# Replace self propell clutch disengagment spring on HRM215



## SailorSam (Aug 13, 2011)

Hi, 
I'm trying to figure out how to install a replacement for the spring that disengages the self propell cluch on a HRM215EH. I'm begining to think I have to drop the enire clutch out of the machine and don't have a clue on how to do that either. Any and all assistance is welcome.


----------



## 30yearTech (Sep 14, 2006)

Reference # 4 is the clutch return spring. It's not inside the transmission. It's usually easier if you remove the deck baffle as you have greater access to the transmission with the baffle out of the way.

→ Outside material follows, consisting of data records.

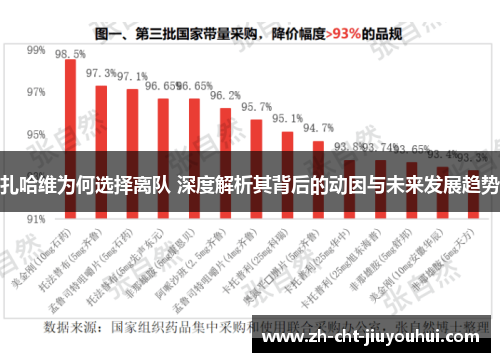 扎哈维为何选择离队 深度解析其背后的动因与未来发展趋势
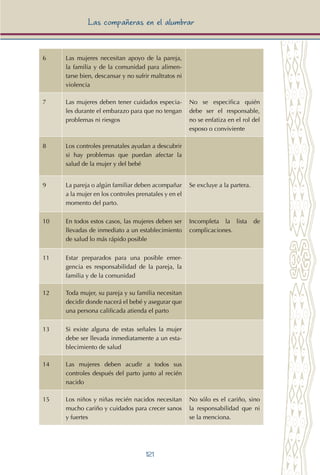 121
Las compañeras en el alumbrar
6 Las mujeres necesitan apoyo de la pareja,
la familia y de la comunidad para alimen-
tarse bien, descansar y no sufrir maltratos ni
violencia
7 Las mujeres deben tener cuidados especia-
les durante el embarazo para que no tengan
problemas ni riesgos
No se especifica quién
debe ser el responsable,
no se enfatiza en el rol del
esposo o conviviente
8 Los controles prenatales ayudan a descubrir
si hay problemas que puedan afectar la
salud de la mujer y del bebé
9 La pareja o algún familiar deben acompañar
a la mujer en los controles prenatales y en el
momento del parto.
Se excluye a la partera.
10 En todos estos casos, las mujeres deben ser
llevadas de inmediato a un establecimiento
de salud lo más rápido posible
Incompleta la lista de
complicaciones.
11 Estar preparados para una posible emer-
gencia es responsabilidad de la pareja, la
familia y de la comunidad
12 Toda mujer, su pareja y su familia necesitan
decidir donde nacerá el bebé y asegurar que
una persona calificada atienda el parto
13 Si existe alguna de estas señales la mujer
debe ser llevada inmediatamente a un esta-
blecimiento de salud
14 Las mujeres deben acudir a todos sus
controles después del parto junto al recién
nacido
15 Los niños y niñas recién nacidos necesitan
mucho cariño y cuidados para crecer sanos
y fuertes
No sólo es el cariño, sino
la responsabilidad que ni
se la menciona.
 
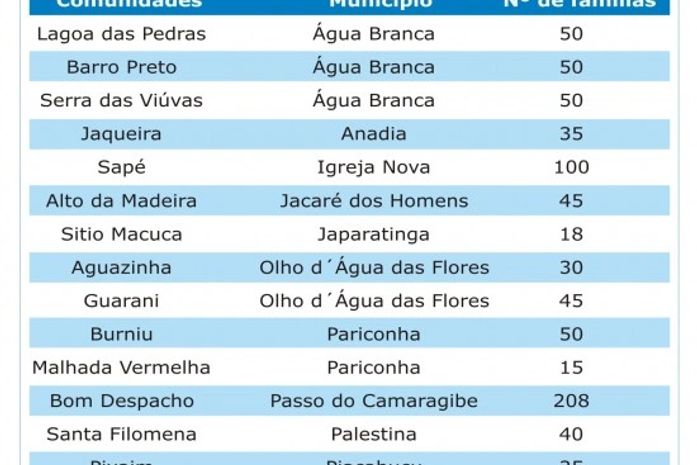 Fundação Cultural Palmares reconhece 25 comunidades quilombolas em Alagoas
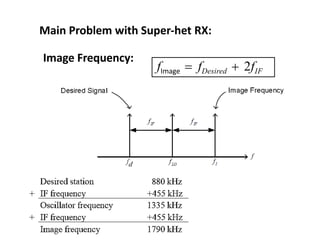 Main Problem with Super‐het RX:
Image Frequency:
fImage  fDesired + 2fIF
 
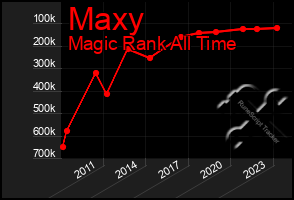 Total Graph of Maxy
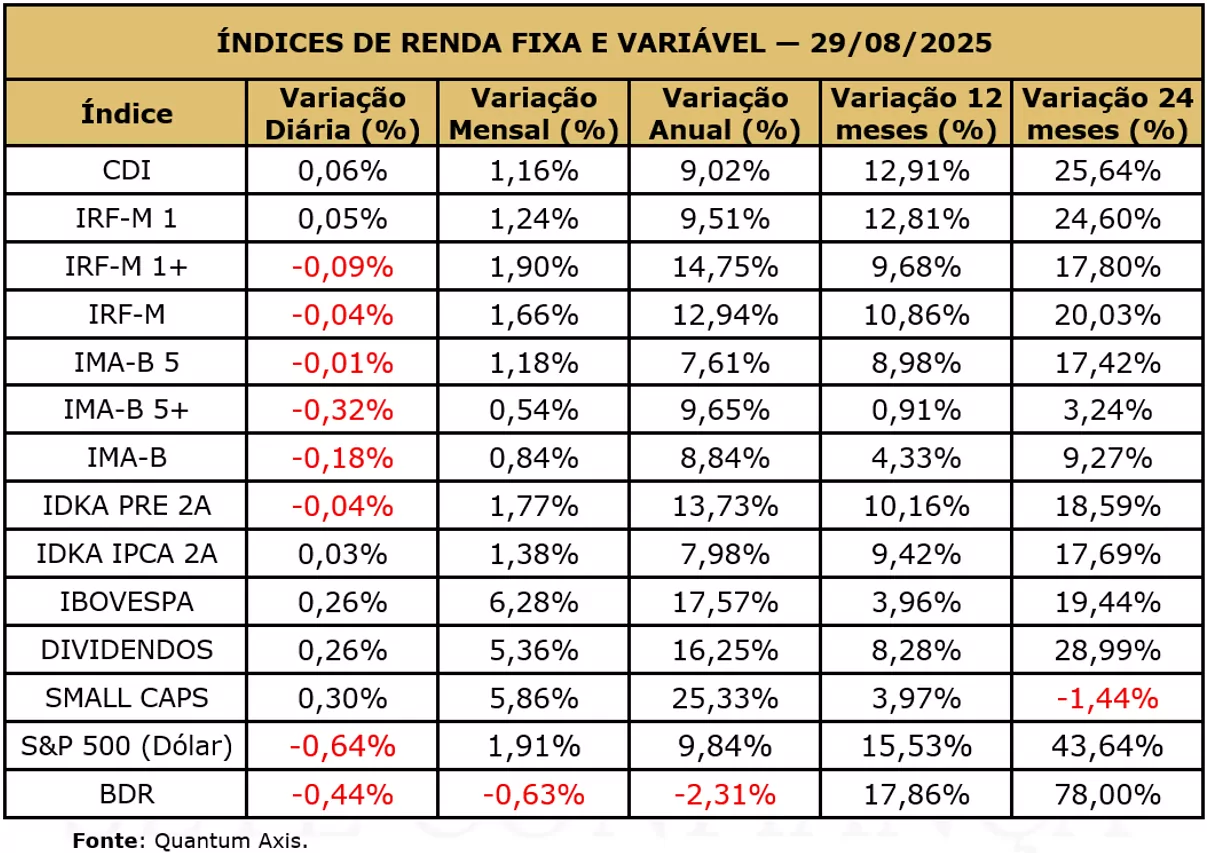 indicadores agosto 2025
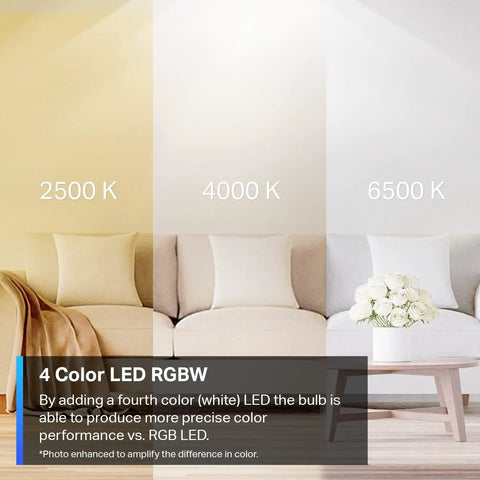 Smart RGBW A19 bulbs with tunable white 2500K to 6500K in a room setting showcasing different light tones for ambiance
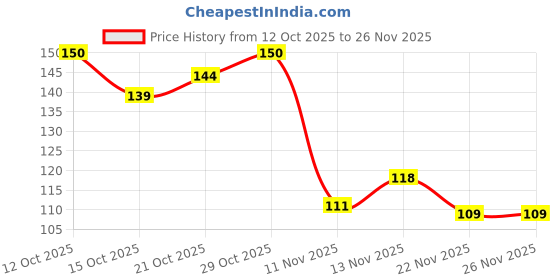 flipkart.com kindlecraft Laddu Gopal winter Dress of Size no. 0 / Laddu Gopal, Thakur ji, Kanha Ji Woolen Dress kindlecraft Price History Graph from 12 Oct 2025 to 26 Nov 2025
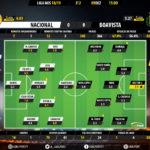 GoalPoint-Nacional-Boavista-LIGA-NOS-201819-Ratings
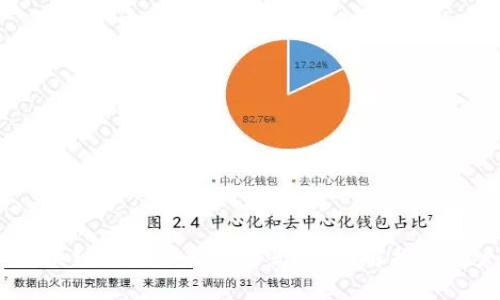 CLSA区块链交易平台靠谱吗？全面解析与用户指南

Since the reference numbers do not show up in the illustration, the spring I am talking about is the one almost in the center of the IPL. The one near the top is for the belt tension.


----------



## SailorSam (Aug 13, 2011)

Thanks 30YR Tech.
While waiting for a reply, I decided to have another go at fixing it. I came to the conclusion that you recommended - remove the baffle. That took a few minutes to figure out by itself. Biggest problem was the bolt that goes into the grass discharge chute. I ended up cutting it off because it was so badly rusted and I couldn't get anything to hold the one end. Once the housing was out of the way, putting the spring on was pretty simple.
For anyone else doing the same repair, there are 4 bolts on the housing, 2 below the motor, one that goes into the grass chute, and one that is accessed after removing one of the rear wheels.
Well I hope I'm good for another 5-6 years...


----------



## 30yearTech (Sep 14, 2006)

Yes, that bolt in the discharge chute can and usually is a royal pain to remove. You can remove the one on the side without taking the wheel off, just rotate the adjustment so it's out of the way.

Glad you got it all figured out... :thumbsup:


----------